伏線1.出だしのススキの風景描写は読者を幻影的世界にいざなう舞台になっている。

伏線2.宮間佳子は江里子自身で、沼崎は木原自身の投影になっている。死んだ江里子にもう一度会いたいという木原の思いが、佳子を沼崎に会わせたいという思いと重なっている。名前の「宮間」の「間(あいだ)」は佳子が江里子と木山の間(あいだ)を取り持つという意味を暗示している。佳子は「木原さんはいつからか、わたしの胸の中に「まぼろしのひと(すなわち江里子)」をつくりあげてしまった積りらしいわね」と木原の思いを代弁している。

伏線3.名誉教授K先生はイギリス詩人キイツと唐代の詩人李賀を比較研究しているが。キイツと李賀に共通する作風は幻想世界、不確かな世界である。キイツは「偉大な文学者たらしめるものは不確実なものや未解決なものを受容する能力だ」と言っている。また、李賀は「半ば幻想世界に生きた詩人で、幻想世界は現実よりも親しいものであった」らしい。(以上ウキペディアから)作者はキイツと李賀を登場させ、幻影世界の伏線としている。

伏線4.K先生が「夕方7時に来てくれ」と、7時に時間を指定しているのは幻影的な時間帯、すなわち秋の6時半頃で、本文の「光の淡い星が増えて……原には夕明かりがまだ漂っていた。D岳が早くも黒の色だ」という夕暮れどきを作者が設定したかったから。

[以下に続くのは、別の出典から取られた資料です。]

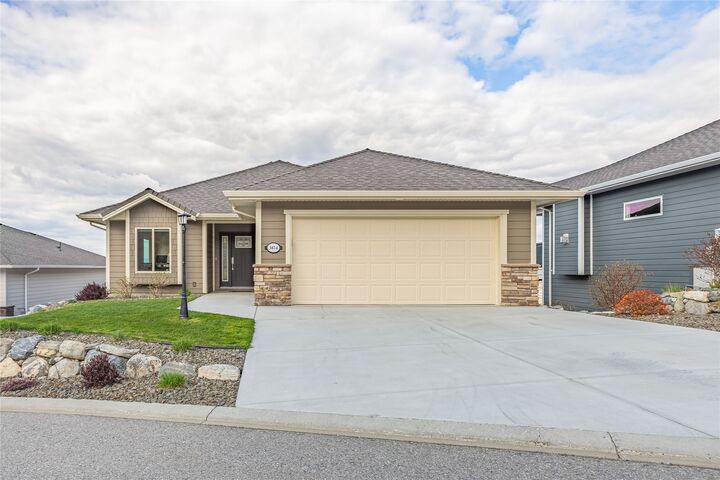 Property Photo:  3874 Escena Drive  BC V1X 8E4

伏線5.江里子が着ていたセーターの色は濃い紫で、木原はそのセーターを沼崎から受け取っている。ススキの原に迎えに来た女性も濃い紫のセーターを着ていた。

難点

① 単純な話(着ていたセーターが同じ色であったから、死んだ恋人と、迎えに来た女性とを混同した)をなぜこうも回りくどく、だらだらと書いているのかわからない。こういう回りくどい作品が日本の文学愛好家に受けるからかもしれないが、私の肌には合わなかった。

② 時間系列が分かりにくい。場面が何度も昔に戻ったり、現在に帰ったりしているから。例えば「8年前のことである」「木原自身も50を過ぎている」「十数年前のことになる」「遠い昔のことになったが」「ある秋の夕方」「10年もそんな状態が続いて」「こんなことを喋った記憶が木原にはある」「5年ぶりでお目にかかる」など。

③ ほとんどの登場人物の年齢がわからないのでイメージを浮かべにくい。